TASK INPUTS >>
----------------------------------------
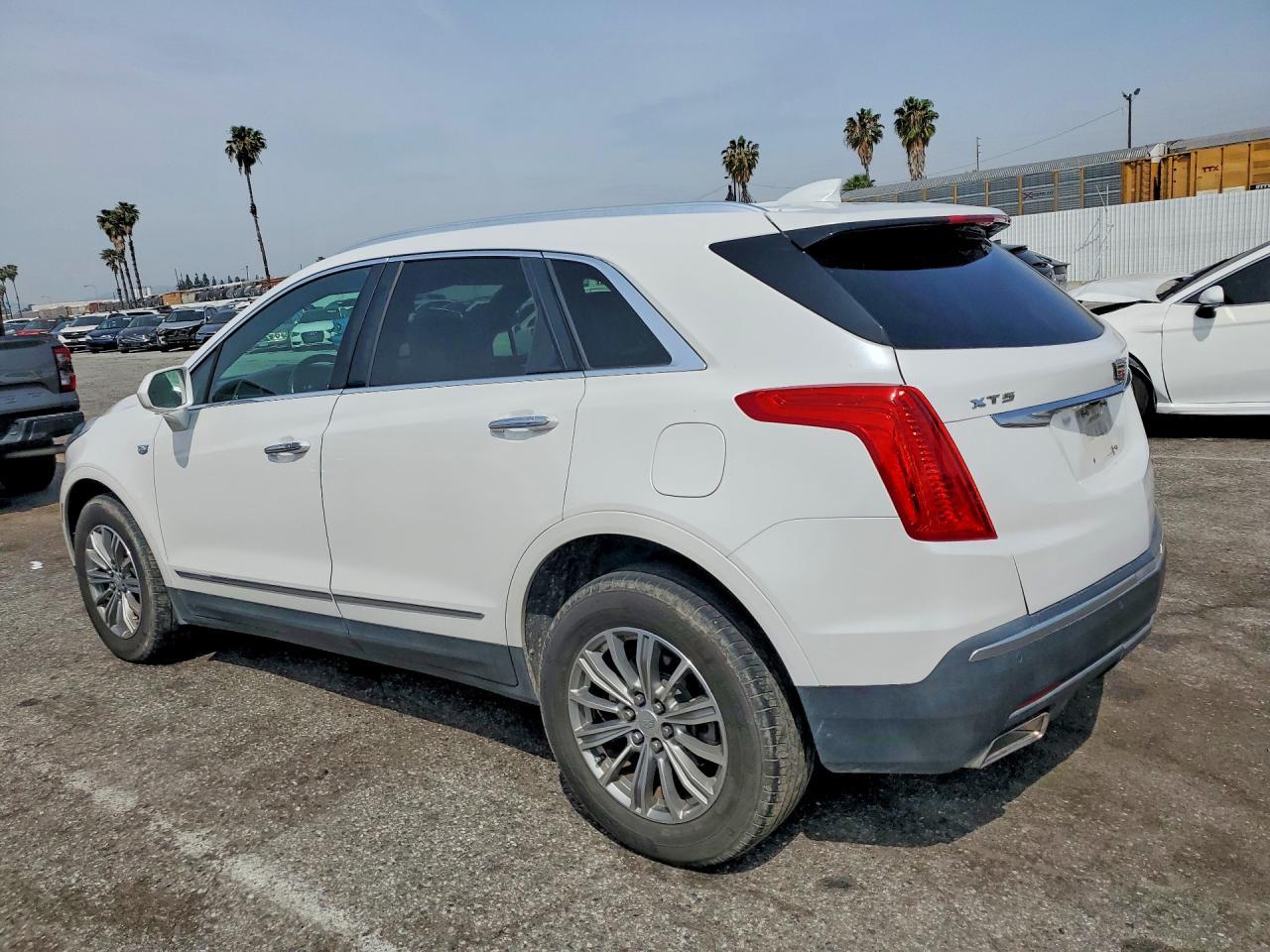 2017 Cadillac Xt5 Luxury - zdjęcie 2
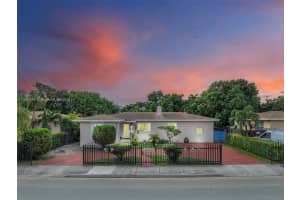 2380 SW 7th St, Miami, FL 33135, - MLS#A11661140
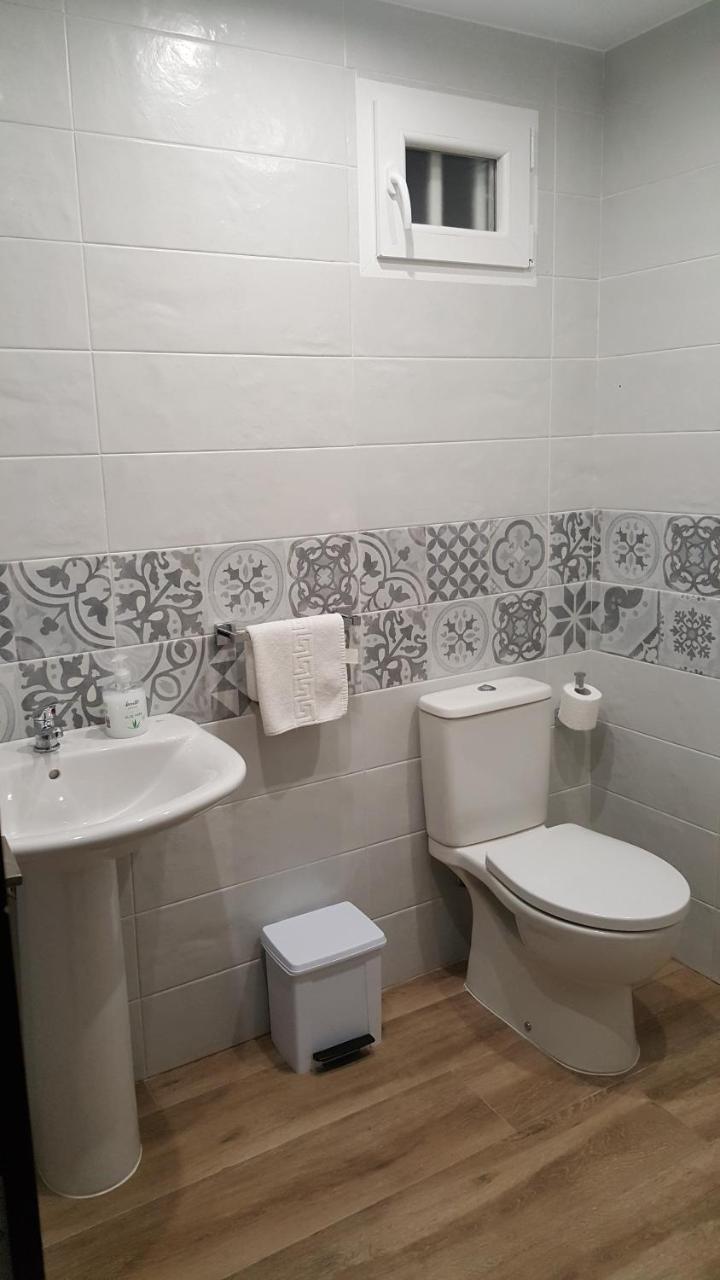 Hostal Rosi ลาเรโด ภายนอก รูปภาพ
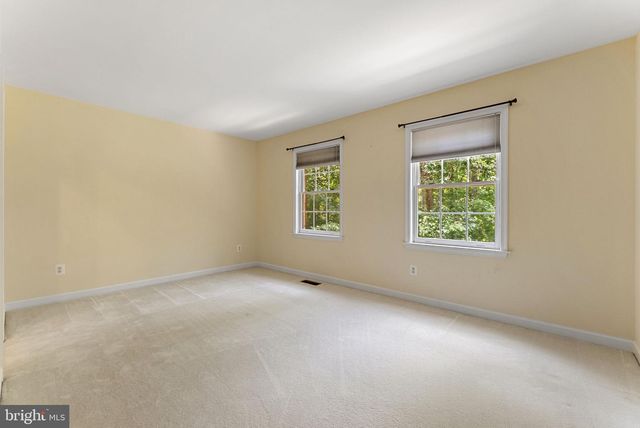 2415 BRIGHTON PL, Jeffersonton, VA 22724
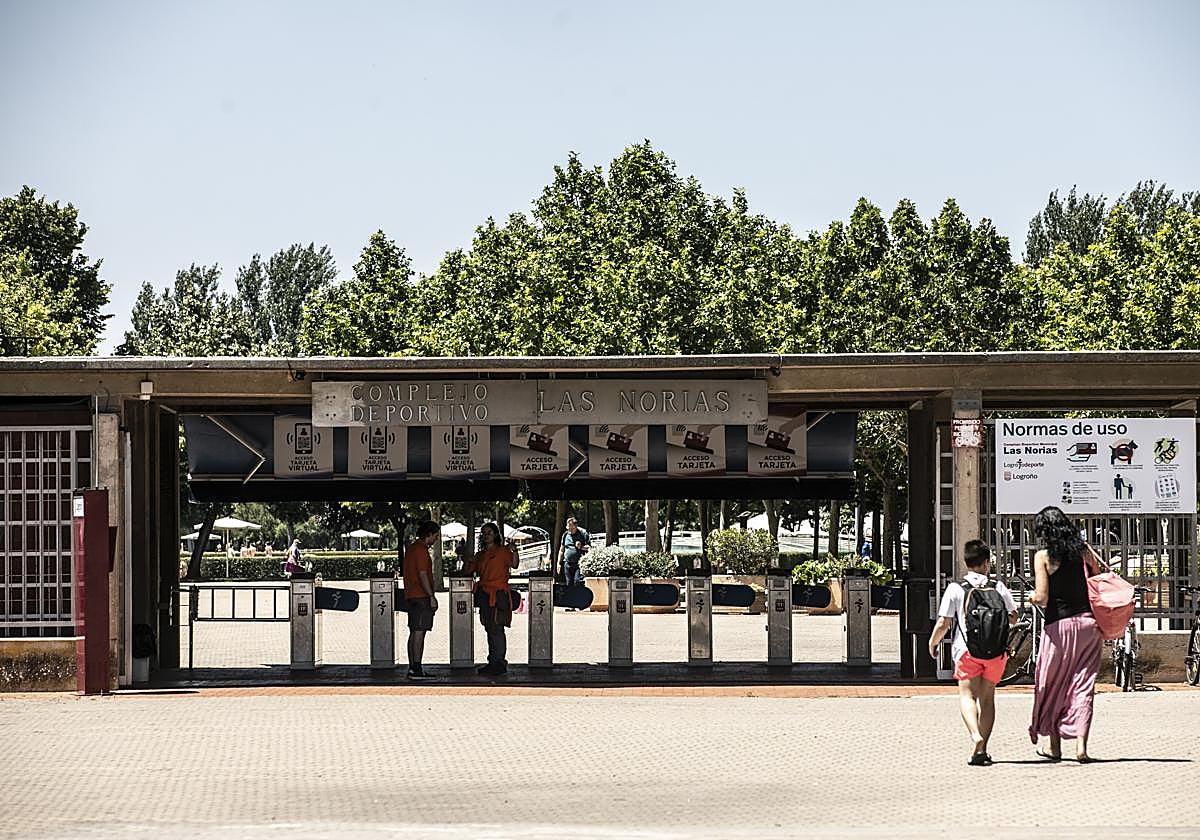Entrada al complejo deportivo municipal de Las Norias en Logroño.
----------------------------------------
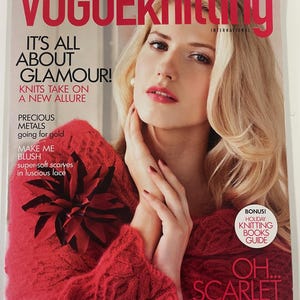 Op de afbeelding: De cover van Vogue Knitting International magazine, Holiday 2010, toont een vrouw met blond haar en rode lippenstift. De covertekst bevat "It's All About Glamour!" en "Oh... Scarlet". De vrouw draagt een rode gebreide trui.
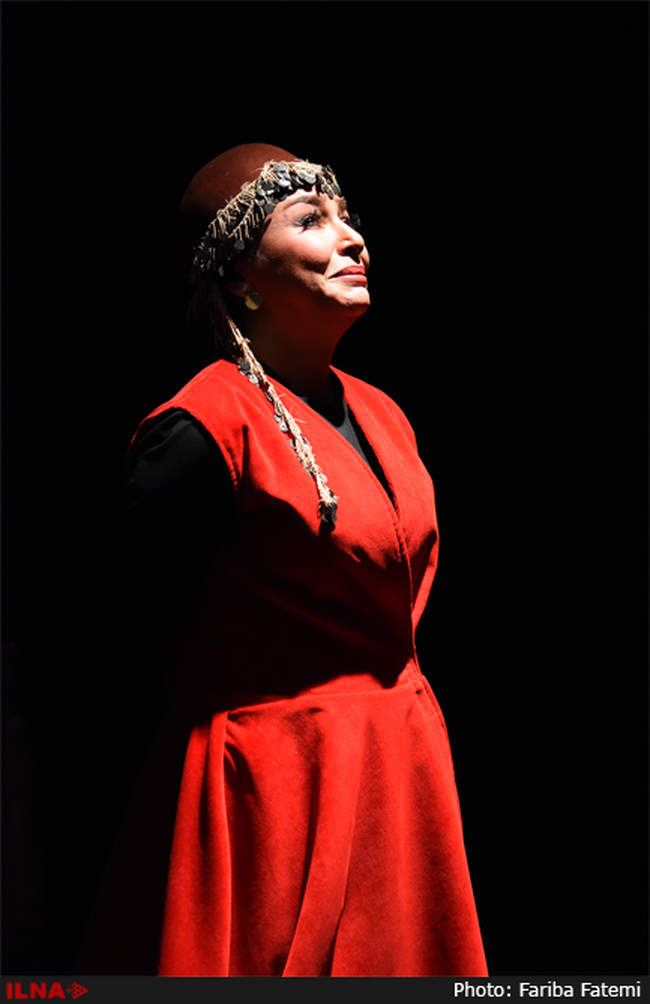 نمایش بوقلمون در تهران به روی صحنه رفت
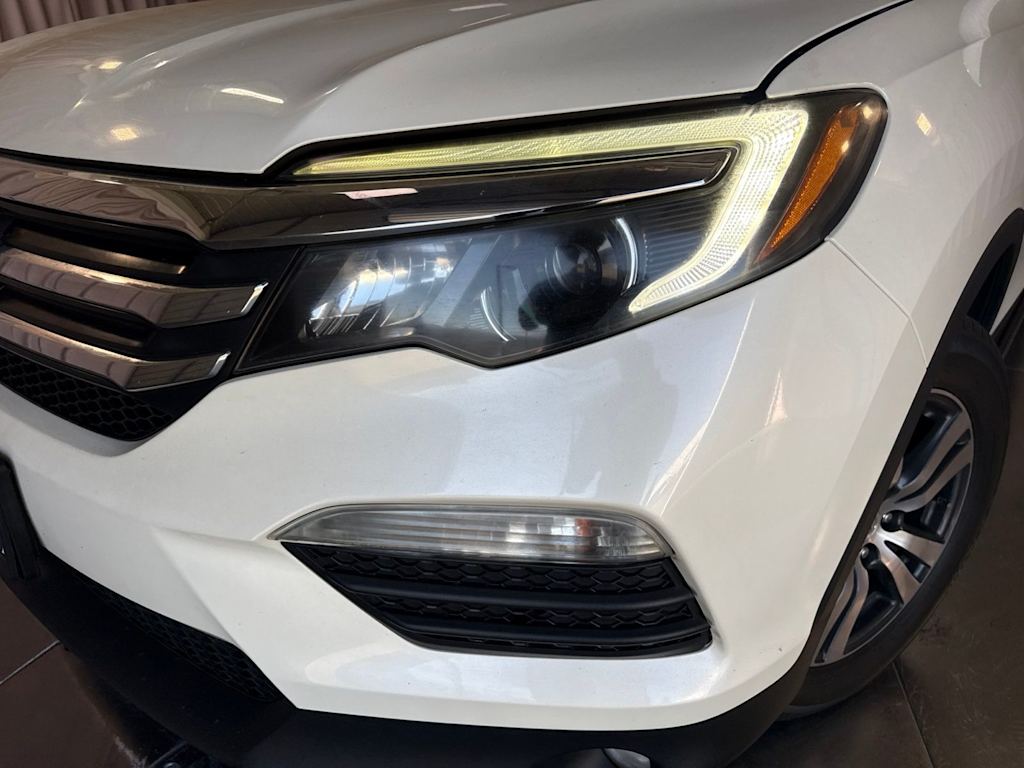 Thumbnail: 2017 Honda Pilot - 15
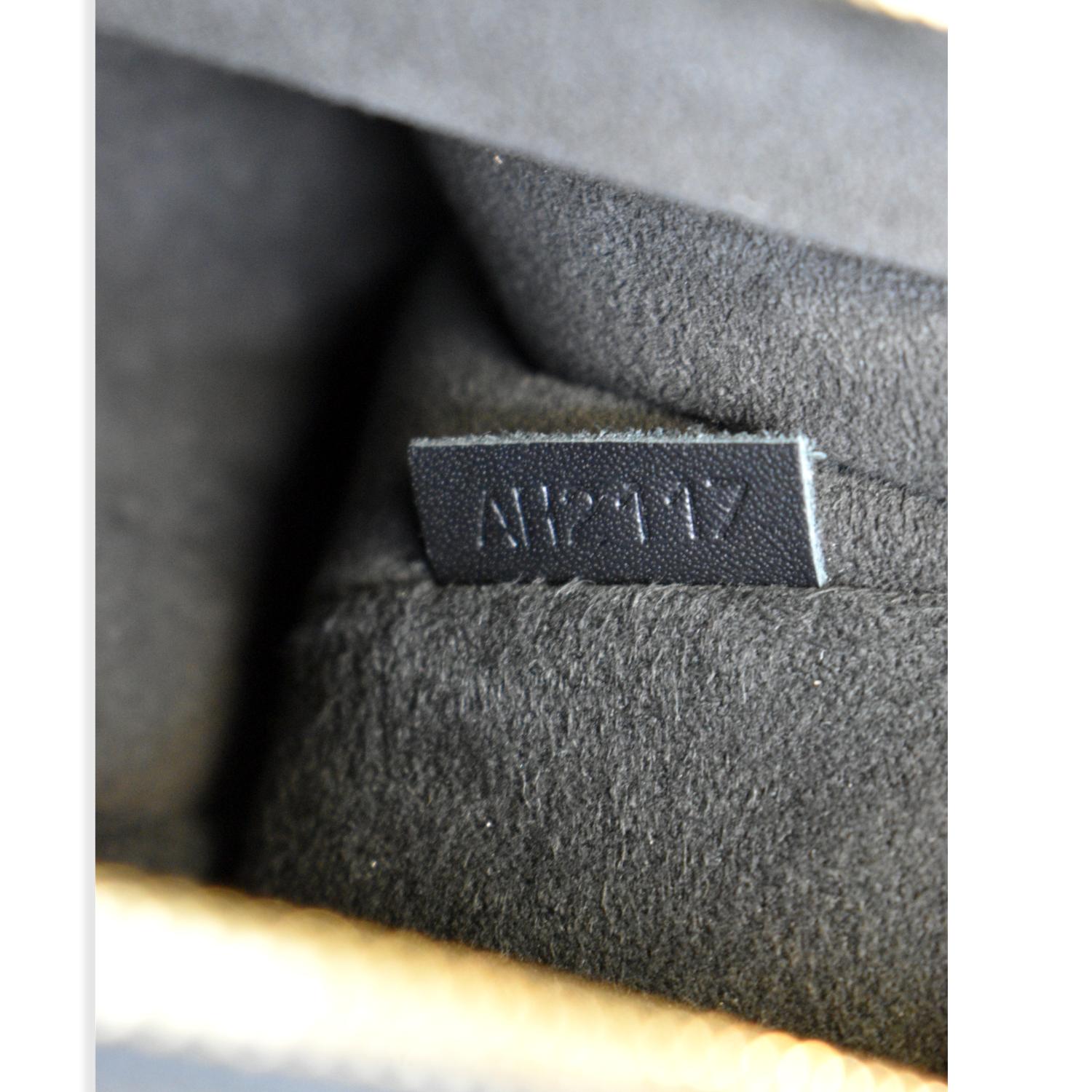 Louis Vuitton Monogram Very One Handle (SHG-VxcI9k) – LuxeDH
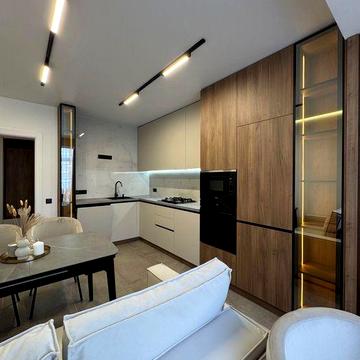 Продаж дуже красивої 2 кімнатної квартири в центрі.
----------------------------------------
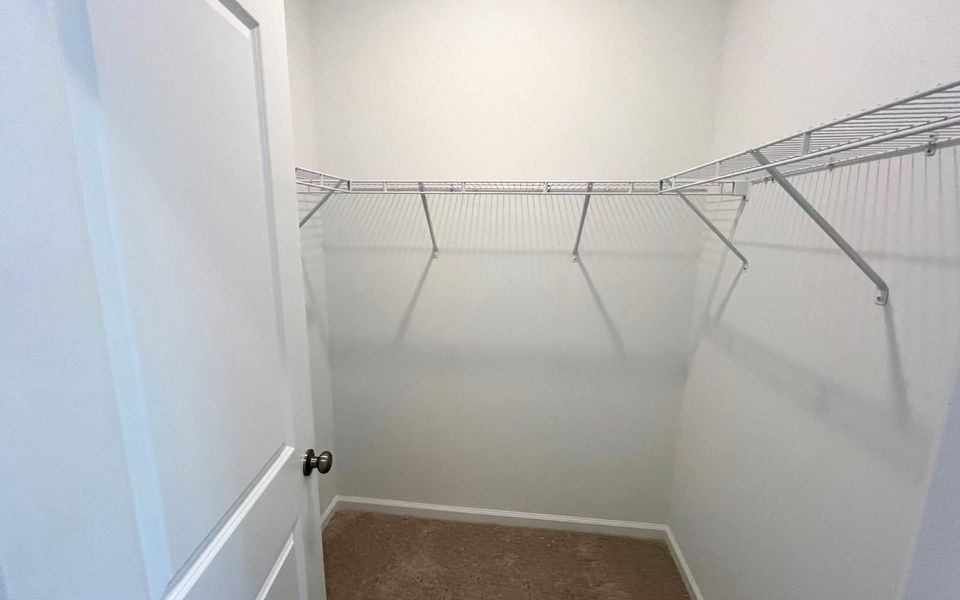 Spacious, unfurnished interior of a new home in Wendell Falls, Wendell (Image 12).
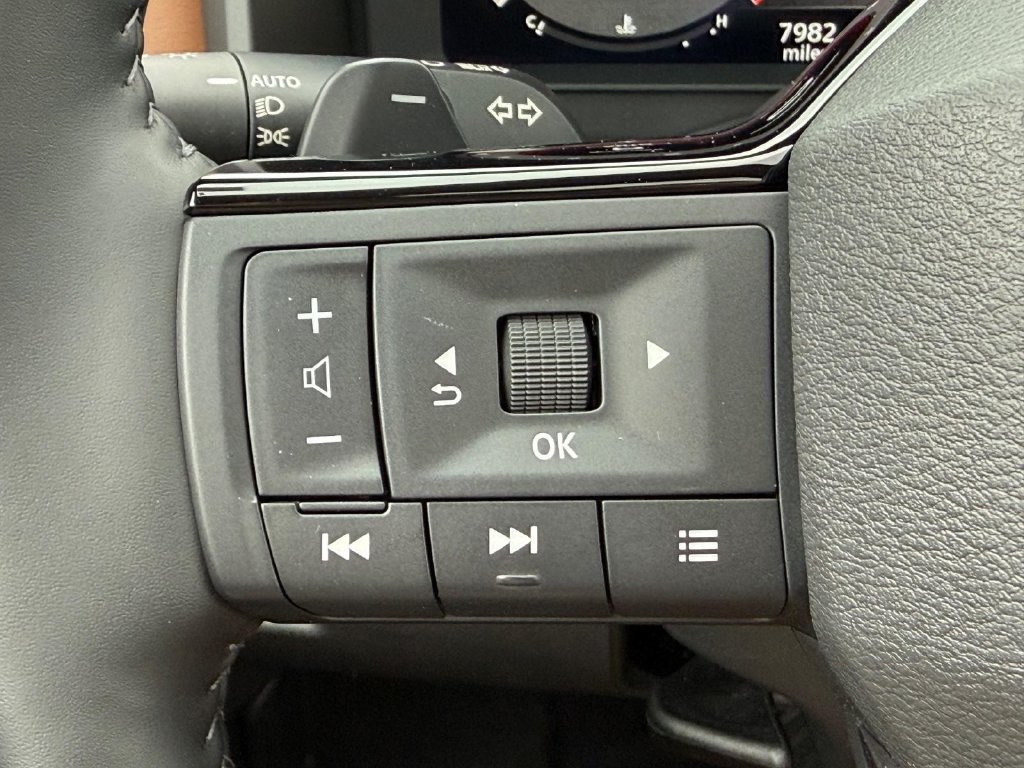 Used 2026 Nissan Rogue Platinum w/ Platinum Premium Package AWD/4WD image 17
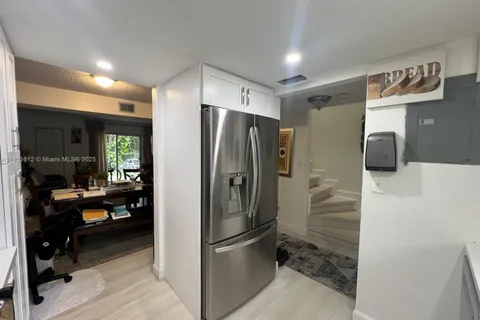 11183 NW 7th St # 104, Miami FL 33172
----------------------------------------
Within these entries, output exactly the lines starting at the one with "2017 Cadillac Xt5 Luxury - zdjęcie 2" and finishing at the one with "Entrada al complejo". Leave pictures out of the output.

 2017 Cadillac Xt5 Luxury - zdjęcie 2
 2380 SW 7th St, Miami, FL 33135, - MLS#A11661140
 Hostal Rosi ลาเรโด ภายนอก รูปภาพ
 2415 BRIGHTON PL, Jeffersonton, VA 22724
Entrada al complejo deportivo municipal de Las Norias en Logroño.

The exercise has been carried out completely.